Open yuvipanda opened 7 years ago

yuvipanda commented 7 years ago

Currently, we don't support IPython Magics at all from noteboks. We initially supported them, but removed them because importing IPython was causing a massive startup time lag (>1s) that seemed pretty bad.

Ideally, I'd like to be able to do the following:

  1. If IPython is already loaded (you are already in a notebook), support magics by default
  2. If IPython is not loaded, and there are no magics in the imported notebooks, do not load it
  3. Load IPython only if there are magics in the notebook

I'd also like to possibly consider implementing the ! action (which runs things in a shell) natively, so we don't have to import all of IPython to get just that behavior. Also investigate why startup takes so long!

darabos commented 7 years ago

A simpler solution that I would be 100% happy with would be just to ignore magics. Currently I get:

File "<unknown>", line 15
    %matplotlib inline
    ^
SyntaxError: invalid syntax
xgdgsc commented 7 years ago

I would also like to just ignore magic commands. Usually I only use %matplotlib inline and %timeit.

AEDWIP commented 7 years ago

In my use case I only want to import function definitions. I would prefer that all other code cells be skipped

I am happy to define my functions in separated cells to make it easier for the parser

I use %matplotlib and %timeit a lot.

panaali commented 5 years ago

I also get the same error when using "!" for example: "!pip"

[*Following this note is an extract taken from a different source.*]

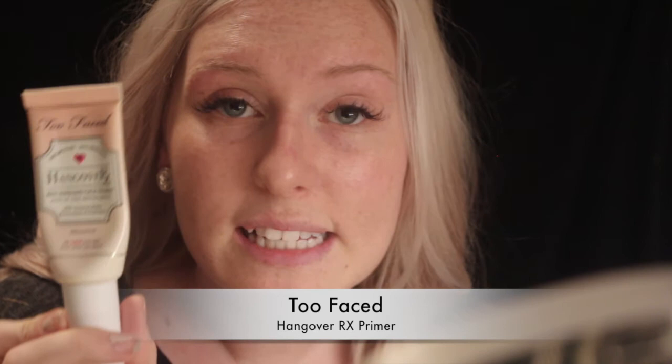I'm going to prime my face with the Hangover RX Primer by Too Faced. It's almost empty but it is a hydrating primer, so I'm going to prime my face with this first while I'm putting my eye makeup on so it soaks into the skin. I'm also going to spray a little bit of the Clinique Moisture Surge spray — it acts as a moisturizer in a spray. My face is super dry recently so I'm just going to spray a little bit to hydrate before I start my foundation.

cmrfrd commented 5 years ago

So this isn't a direct solution but maybe a step forward. Since magics are usually applied at the "cell" level it might be worth considering importing "cells" instead of just functions. If that's the case then you can use something like this

from IPython.lib.kernel import get_connection_file
from jupyter_client import BlockingKernelClient

def import_cell(notebook_path, cell_number):

    ## Read notebook
    notebook_file = open(notebook_path)
    nb = nbformat.read(notebook_file,as_version=4)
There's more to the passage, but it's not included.